My classroomis currently dealing with Rube Goldberg. I haven't done multi class collaboration, but I feel like for that portability would be key. As such I think you would want each team's work to fit in a letter box and have a set trigger, like all must begin with being triggered by a ball rolling in the front right lower corner and end by rolling a ball out of the front left corner. That way all the group's can place their project in a row and it can work.
In addition to teaching, I work with an organization (Northern Central Valley Stem Center) that promotes STEM education. I plan on suggesting working to get small stem kits produced with tiny home stem activities that could be done.
Really, though, such things could be done as a home project for a class lab, flipping the classroom so a part of the assignment is replicating the findings of the class lab at home with a sibling.

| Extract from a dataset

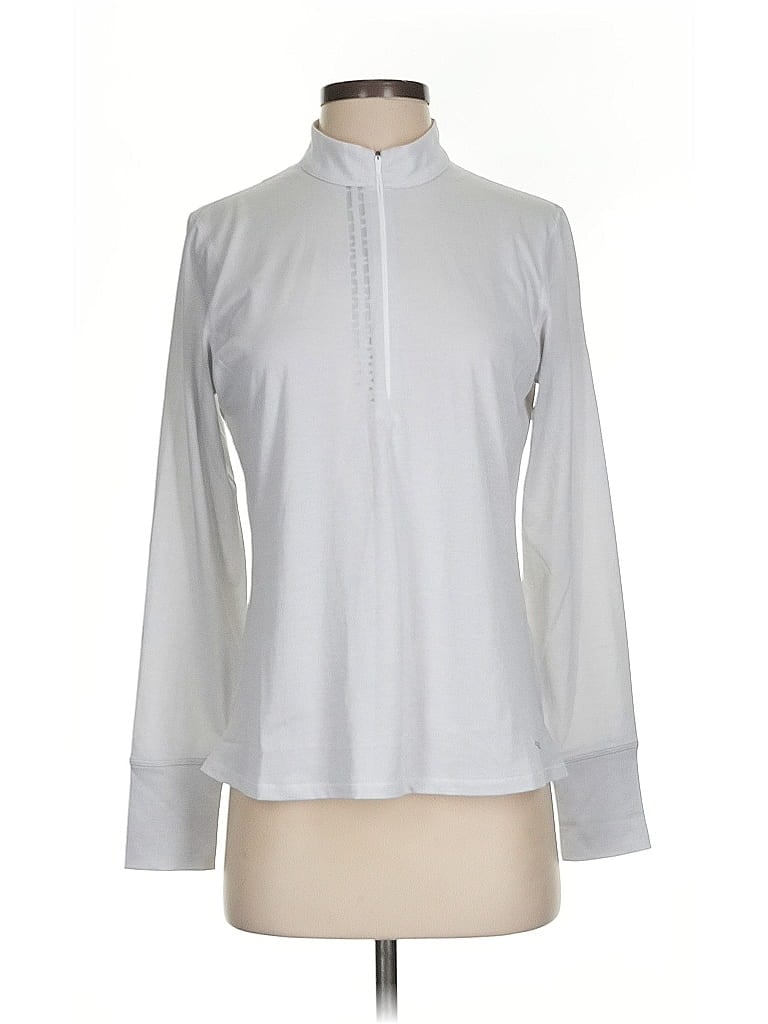 Pre-owned Annika Cutter & Buck Long Sleeve Polo Shirt In Silver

A perfect example is the candium lab. All it involves is pouring m&m's from a cup and counting the number of candies face up vs face down. A sibling would love to take part. The teacher could have the student replicate the in class experiment, but send each kid home with a fun pack of skittles to repeat their findings and see if the graph is still curved. They could have their sibling write a small conclusion to the experiment as evidence.
You question about students without siblings is a great point:
Students who don't have siblings could teach the lesson to a young relative or an adult family member. In the case of an adult family member it wouldn't be as helpful for a younger child, but the student still gets the benefit of the higher order thinking involved in teaching a lesson.